State ex rel. Department of Transportation & the Board of Transportation for the Division of Highways v. Baken Park Enterprises, Inc.

WOLLMAN, Justice (on reassignment).

The state appeals from a judgment entered in this condemnation action that took some 9,235 square feet of defendant Baken Park Enterprises, Inc.’s, shopping center property for a street improvement project in Rapid City.* Because we agree that the trial court should have granted the state’s motion to strike certain testimony and should have given the state’s proposed instruction that the jury should not consider loss of business or loss of profits during the period of construction in fixing the amount of defendant’s damages, we reverse and remand for new trial.

One of defendant’s expert witnesses testified on direct that in arriving at the after-taking value of the property he had taken into account the fact that accessibility to the property would be more difficult during the period of construction as well as after-wards. The state then interrupted the direct testimony with a query whether the witness had allowed for the improper access during the period of construction in arriving at his opinion on the question of damages, to which the witness replied that although he had not specifically done so he had recognized that there was going to be a period of construction and that as a result defendant’s property was “more speculative.” He acknowledged that he had increased his rate of capitalization and that some part of that increase would be allocated to the difficulty that created rent loss. The state thereupon objected to the witness’ testimony and moved that it be stricken. The objection was overruled.

At the close of the case the state proposed the following instruction:

“You are instructed that you may not consider loss of business or loss of profits based on interruption of business during time of construction of the highway improvement in arriving at damages to be awarded to the landowners.”

Upon defendant’s objection, the trial court refused to give the proposed instruction, even though a few moments earlier the court had acknowledged that the law was in accord with the state’s position on the matter.

Defendant contends that the state injected the element of loss of profits into the case by its cross-examination of the witness and therefore will not be heard to complain of any alleged error resulting from the witness’ testimony regarding loss of profits as an element of damages. This argument will not wash, however, because the state was entitled to probe the basis of the witness’ before and after values, otherwise it would have no way of knowing whether the elements that went into determining those values were properly compen-sable. Cf. State Highway Comm. v. Anderson, S.D., 242 N.W.2d 674.
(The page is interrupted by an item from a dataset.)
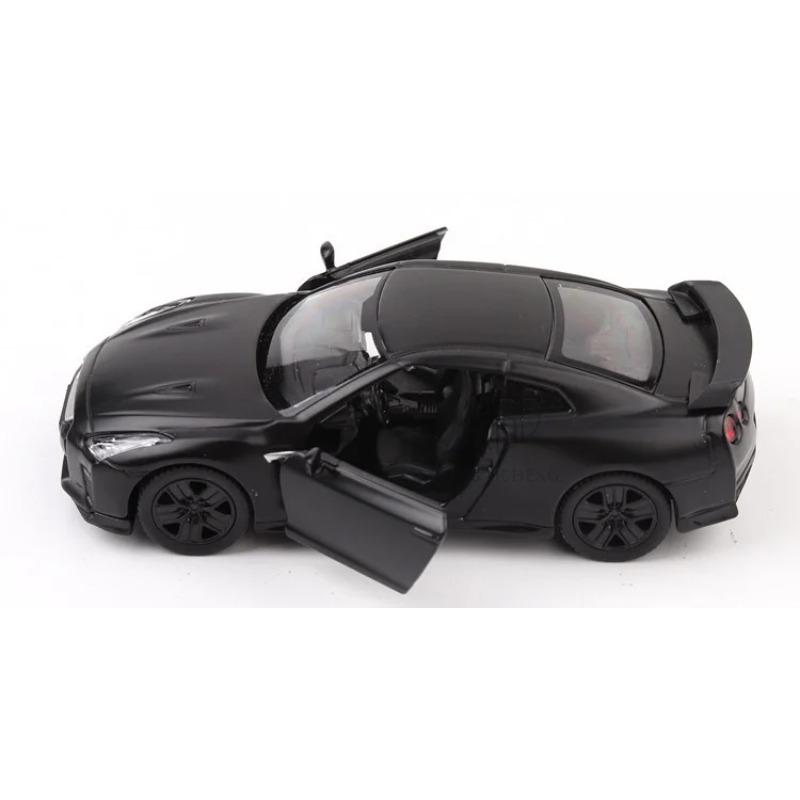 1/36 Nissan GTR Металлическая модель автомобиля Игрушки для мальчиков Литая модель автомобиля с инерционным механизмом Коллекционная машина для детей Подарки Игрушки для взрослых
We conclude that the losses incurred by a property owner in the way of loss of income and profits because of temporary interference with normal routes of ingress and egress, together with other inconveniences attendant upon the work in progress, are not compensable items of damage resulting from a construction project such as that involved in the instant case. See Dept. of Public Works v. Ayon, 54 Cal.2d 217, 5 Cal.Rptr. 151, 352 P.2d 519; Blank v. Iowa State Highway Comm., 252 Iowa 1128, 109 N.W.2d 713; Dept. of Highways v. Ray, Ky., 392 S.W.2d 665; Lybarger v. Dept. of Roads, 177 Neb. 35, 128 N.W.2d 132; State ex rel. Highway Dept. v. Kistler-Collister Co., Inc., 88 N.M. 221, 539 P.2d 611; 27 Am.Jur.2d Eminent Domain *450§ 285; 2A Nichols on Eminent Domain (3d Ed.) § 6.4442(2). Although it is true that in some of the cases that have adopted this rule there was no actual taking of property, one who loses a portion of his property to the condemning authority does not, ipso facto, suffer any greater inconvenience or loss of income and profits than one who does not.
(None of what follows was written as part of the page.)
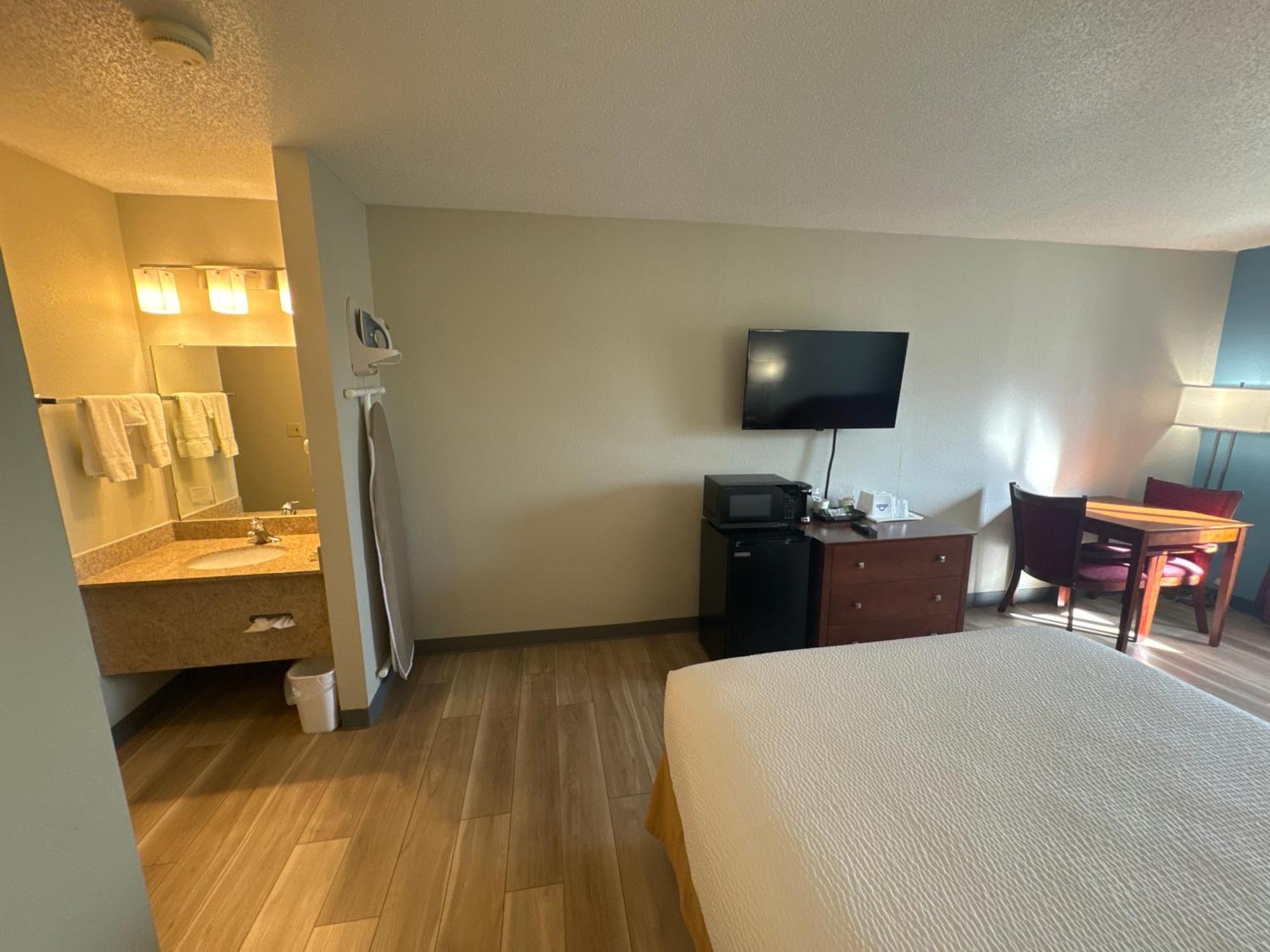 Days Inn By Wyndham Salina I-70 Luaran gambar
There remains the question whether the trial court’s failure to strike the expert’s testimony or to give the requested instruction was sufficiently prejudicial to warrant the reversal of the judgment. Defendant’s expert witness testified to a difference in before and after taking value of $115,000. Two of defendant’s three stockholders gave testimony to the effect that the difference between the before and after value amounted to $150,000. The state’s expert witness testified to a difference of $37,000. The jury returned a verdict in the amount of $125,150.

Although we do not set aside judgments because of every error that occurs at trial, Dwyer v. Christensen, 77 S.D. 381, 92 N.W.2d 199, Limmer v. Westegaard, S.D., 251 N.W.2d 676, we cannot say with any degree of confidence that the result here would have been the same had the objected-to testimony been stricken or the proposed instruction been given. The testimony was of special significance because of the fact that twenty-two of defendant’s thirty-one tenants were occupying space in the shopping center under percentage leases.

We conclude, then, that once the opinion of defendant’s expert was infected with the noncompensable elements of damages flowing from the loss of access during construction, the state’s motion to strike his testimony should have been granted, or at the very least the corrective instruction given.

Other errors alleged by the state are either mooted by our decision or are without merit.

The judgment is reversed and the case is remanded for new trial.

DUNN, C. J., and MORGAN, J., concur. ZASTROW and PORTER, JJ., dissent.

The other defendants did not participate in the trial and are not involved in this appeal.